Williams' newest statement read in part, "I want to amend my press statement of yesterday and want to make it clear as possible -- I want to sincerely apologize FIRST to the lineswoman, Kim Clijsters, the USTA and mostly tennis fans everywhere for my inappropriate outburst. I'm a woman of great pride, faith and integrity and I admit when I'm wrong.
"I need to make it clear to all young people that I handled myself inappropriately and it's not the way to act -- win or lose, good call or bad call in any sport, in any manner."
After Monday's doubles win -- the 10th major doubles title for the Williams sisters and their third this year -- they conducted a news conference.
The first question was why Serena Williams had waited until Monday to say she was sorry for her actions. She gave a 184-word answer but never included the reason why she issued a second statement.
She did say: "I just really wanted to apologize sincerely, because I'm a very prideful person and I'm a very intense person and a very emotional person."
In an on-court interview immediately after Monday's match, ESPN2 analyst and Davis Cup captain Patrick McEnroe asked Serena Williams if something had changed in the last 24 hours to cause her to issue a new apology. As the crowd loudly booed the question, she smiled and her sister stepped in and took the microphone.

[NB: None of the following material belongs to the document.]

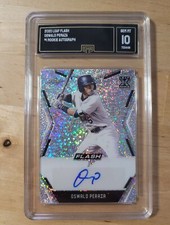2020 Oswald Peraza Leaf Flash #1 Rookie Autograph BA-0P1 GMA 10 GEM MT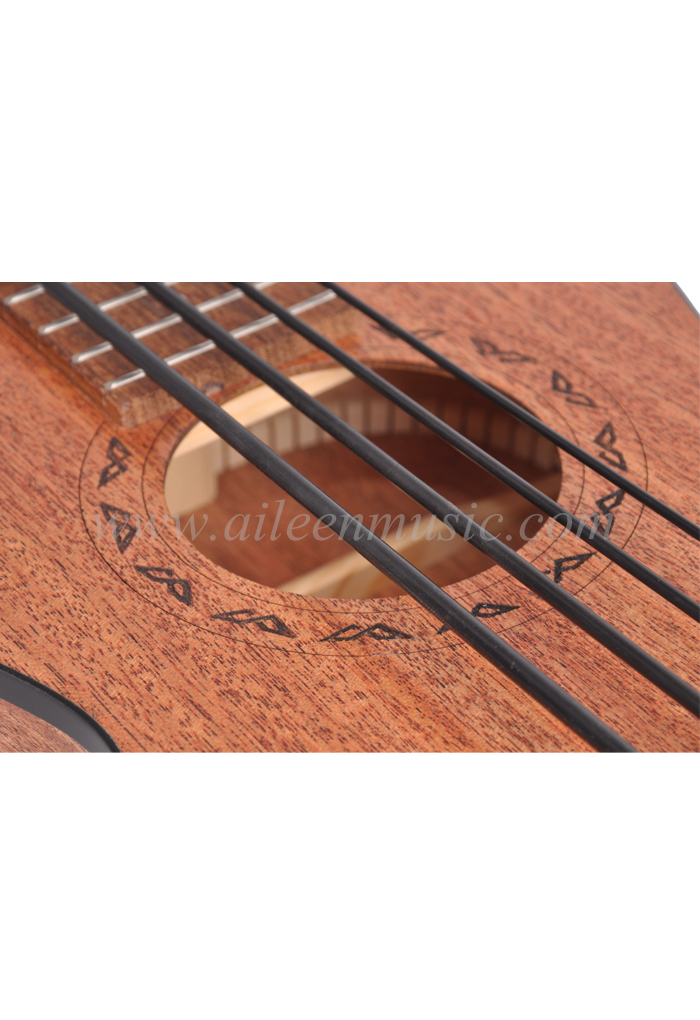 New Product Mahogany Plywood Top Ukulele Bass (AUB07LHE)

"What I think the crowd is saying, Patrick, is let's move on," Venus Williams said. The crowd cheered.
Afterward, McEnroe defended his question.
"I think, based on what's happened in the last 48 hours, if I'm going to go out there and have a mike in front of her, journalistically you have to ask the question."
Was he surprised Venus stepped in and answered?
"No, if I was in an awkward position, my older brother would try to help me too. It might have been appropriate here for Serena to say, 'I apologize. I was wrong. Period. End of story.' But for whatever reason she chose not to do that."
Saturday's tirade came when the lineswoman called a foot fault on Williams in the final game of the second set, a call that resulted in a double fault and put Williams one point away from losing the match against Clijsters.
The 27-year-old from Compton exploded into a racket-waving, ball-thrusting, obscenity-filled rant. She was assessed a penalty point, giving the match to Clijsters.
On Sunday, Williams was fined $10,500. She earned $350,000 for reaching the singles semifinals here. She and her sister also received $410,000 for winning the doubles championship.
The International Tennis Federation is investigating the incident. Penalties as severe as a $250,000 fine and further action as harsh as permanent suspension from Grand Slam events, could be forthcoming, said Bill Babcock, executive director of the Grand Slam events.